For example (EUR/USD):
Let’s say I bought at this 1.17246 level here. Then my first possible target would be at this swing high over here at 1.18929:
So once the trade hits that swing high, my first profit target is met, and I will exit half of my position. That is when I will pull out the Chandelier Kroll Stop and start to trail my stop loss for the remaining position.
So eventually, when the price closes below the blue line, I will exit my remaining position.
Hey Rayner, does the spread of the currency pair make a difference to our trading?
Yes, some exotic pairs like USD/MXN or USD/NOK will have large spreads. These are the markets which you don’t want to be day trading because the spread will kill your trade.
Imagine you have 100 pips stop loss, and you pay about 25 to 30 pips just for the spread, it’s ridiculous.
So for day trading or short-term trading, avoid trading these kinds of exotic pairs with wide spreads.
The only time when you can trade these kinds of exotic pairs with wide spreads is if you’re trading off the daily or weekly timeframe. That might make sense because the spread will only be a small fraction of your stop loss.
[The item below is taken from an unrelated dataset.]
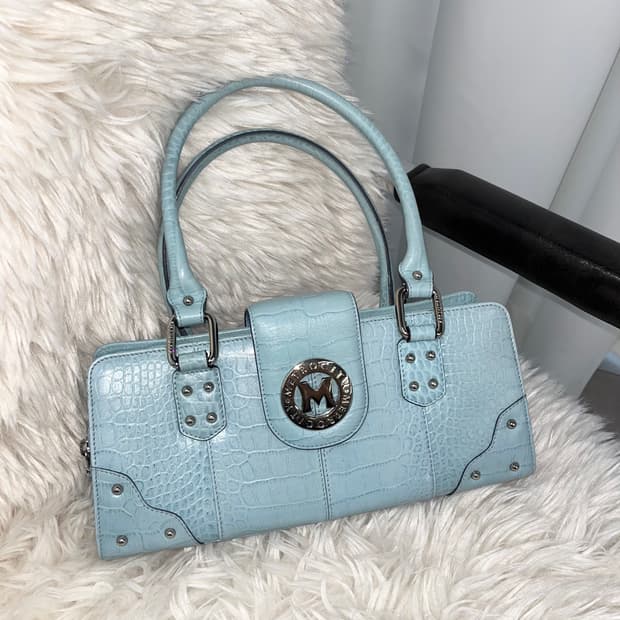 Metro City sky blue shoulder bag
Because let’s say if you’re trading on the daily timeframe, you’re buying the USD/MXN, your stop loss could be like 500 pips. Then if the spread is like 30, 40 pips, that’s still quite reasonable, probably 10% the size of your stop loss, so it’s still reasonable because of your wide stop loss.
We're all learning the support and resistance, so everyone will be waiting at these levels, but sometimes it doesn't come to your favour. So what's another good approach for this type of trading?
This is where the market structure comes into play. As you know, we define trends into three categories:
- Strong trend – price tends to respect the 20 MA
- Healthy trend – price tends to respect the 50 MA or previous resistance turned support
- Weak trend – price tends to respect the 200 MA and respect support resistance
So it’s important not to only focus on weak trends or support resistance market or range market conditions. Because in a strong trending market, the price may not reverse to the levels that you’re looking at.
This is why you want to understand the different types of market structure, the accumulation stage, the advancing stage, the distribution stage, the declining stage. And also understand the different types of trends because that’s where you find areas of value in those markets.
I noticed that when the timeframe used for trading is too low, for examples, 1 hour, 15, 10 or 5-minute timeframe, their benchmark will not be the same as taught in UPAT. Some of the benchmarks used in UPAT for example, moving average are used in the daily or 4-hour timeframe to determine if the trend is strong (<20 MA), healthy (>20 and < or touch 50 MA) or weak (> 50 MA)? But if I used shorter timeframe (1-hour, 15, 10 or 5-minute timeframe) the MA might not be the same as the daily or weekly timeframe to determine the strength of the trend. This is just one example and there is another benchmark used in UPAT. Does it mean all these shorter timeframes (1 hour, 15, 10 or 5-minute timeframe) are not suitable to be used for trading if we want to use the benchmark mentioned in UPAT? Should I use daily or 4-hour as the trading timeframe to be consistent with UPAT? Kindly advise.
Here’s the thing, when I use the 20 MA, 50 MA, or even the 200 MA on the 4-hour or daily timeframe, what I’m trying to illustrate is the concept. If you see that price is above the 20 MA, then the market is in a strong uptrend in the 4-hour timeframe.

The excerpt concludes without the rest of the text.